**Available data:**
__________________________________________________
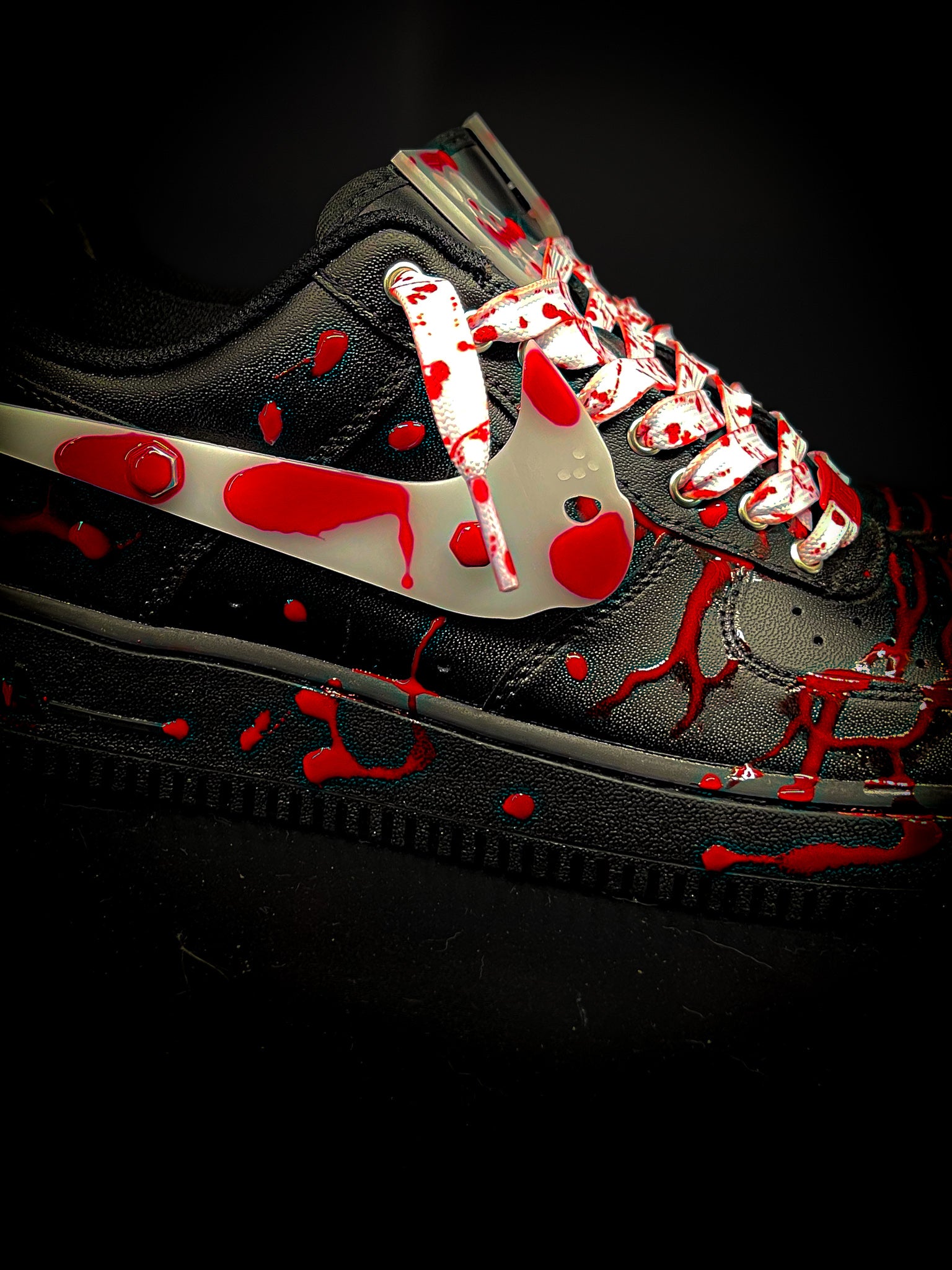 Black Nike Air Forces Drippy Custom Shoes - MAD ALICE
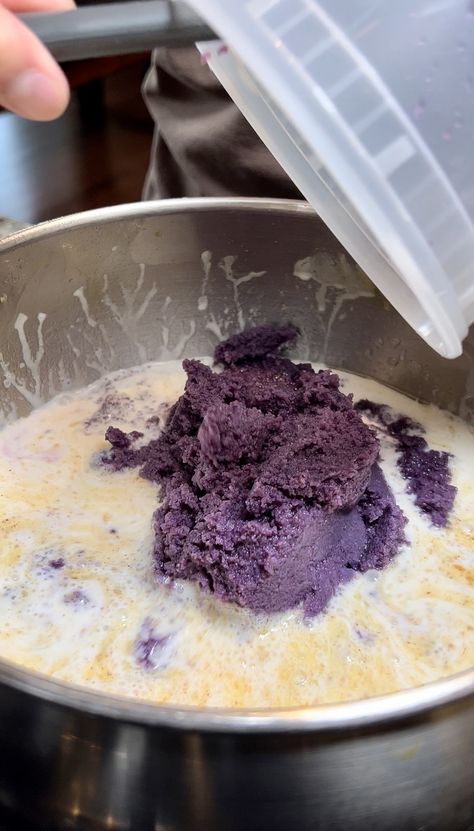 Ube Halaya (Ube Jam) | Iankewks Ube Jam Recipe, Ube Halaya Recipe, Ube Jam, Okinawan Sweet Potato, Ube Halaya, Ube Recipes, Powder Milk, Flavored Drinks, Evaporated Milk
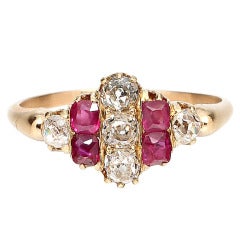 1900s Ruby, Old Mine Cut Diamond and Gold Ring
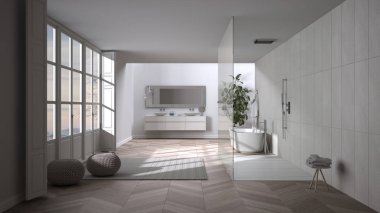 Parke zeminli bej renkli banyo, panoramik pencere, banyo ve serbest banyo, puflu halı, çift lavabo, saksı, minimalist iç tasarım.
__________________________________________________
Your answer should be every line above, written out exactly, with no pictures.

 Black Nike Air Forces Drippy Custom Shoes - MAD ALICE
 Ube Halaya (Ube Jam) | Iankewks Ube Jam Recipe, Ube Halaya Recipe, Ube Jam, Okinawan Sweet Potato, Ube Halaya, Ube Recipes, Powder Milk, Flavored Drinks, Evaporated Milk
 1900s Ruby, Old Mine Cut Diamond and Gold Ring
 Parke zeminli bej renkli banyo, panoramik pencere, banyo ve serbest banyo, puflu halı, çift lavabo, saksı, minimalist iç tasarım.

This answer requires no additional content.